Have you ever found it challenging to represent a graph from a very large dataset while building a graph neural network model?

This article presents a method to sample and visualize a subgraph from such datasets.

Introduction

NetworkX library

      Overview

      Sampling large graphs

      Implementation

      Layouts

      Graph representation

      Comparing layouts

References

   

What you will learn: How to sample and visualize a graph from a very large dataset for modeling graph neural networks.

Notes: 

• Environments: python 3.12.5,  matplotlib 3.9, numpy 2.2.0, torch 2.5.1, torch-geometric 2.6.1, networkx 3.4.2
• Source code is available on GitHub [ref 1]
• To enhance the readability of the algorithm implementations, we have omitted non-essential code elements like error checking, comments, exceptions, validation of class and method arguments, scoping qualifiers, and import statement.

Introduction

This article focuses on visualizing subgraphs within the context of graph neural networks. It does not cover the introduction or explanation of graph neural network architectures and models, as those topics are beyond its scope [ref 2, 3].

Note: There are several Python libraries available for analyzing and visualizing graphs, including Plotly, PyVis, and NetworkKit. In some of our future articles on graph neural networks and geometric deep learning, we will use NetworkX for visualization.

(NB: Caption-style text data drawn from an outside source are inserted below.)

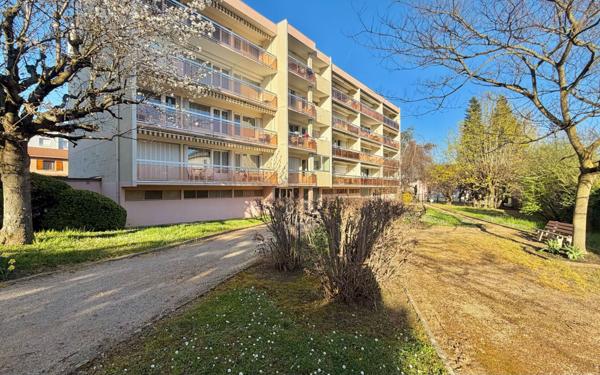 Appartement à vendre    3 pièces • 76,25 m2 Villefranche-sur-Saône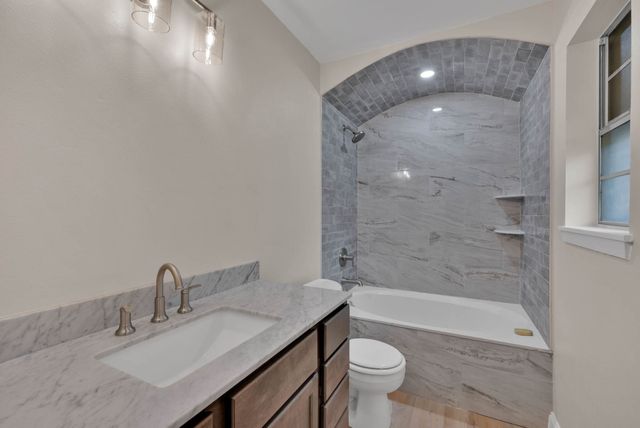 310 Lancashire Drive, Bossier City, LA 71111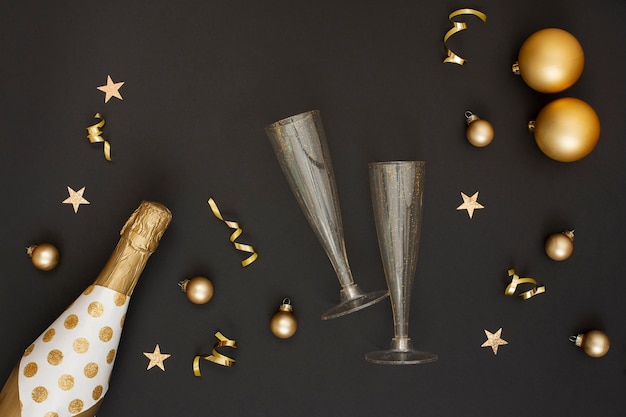 Free photo champagne bottle and decoration with glasses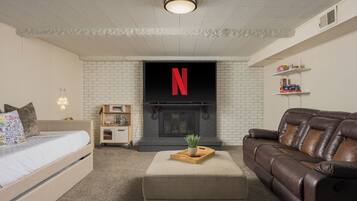 TV, fireplace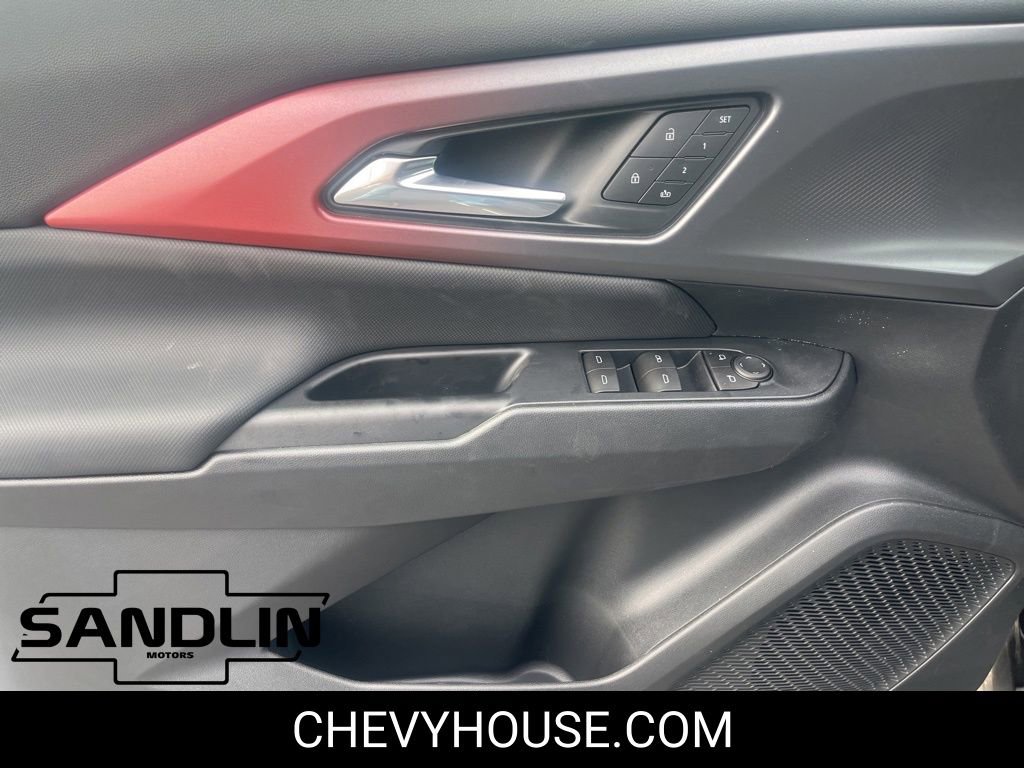 New 2025 Chevrolet Equinox EV RS w/ Convenience Package II image 7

As a reminder, a graph data is fully defined by an instance of Data of  torch_geometric.data package with the following property

• data.x: Node feature matrix with shape num_nodes,  num_node_features            
• data.edge_index: Graph connectivity with shape 2, num_edges and type torch.Long
• data.edge_attr: Edge feature matrix shape: num_edges, num_edge_features        
• data.y: Target to train against (may have arbitrary shape), e.g., node-level targets of shape [num_nodes, *] or graph-level targets of shape [1, *]
• data.pos: Node position matrix with shape num_nodes, num_dimensions 

NetworkX library

Overview

NetworkX is a BSD-license powerful and flexible Python library for the creation, manipulation, and analysis of complex networks and graphs. It supports various types of graphs, including undirected, directed, and multi-graphs, allowing users to model relationships and structures efficiently [ref 4]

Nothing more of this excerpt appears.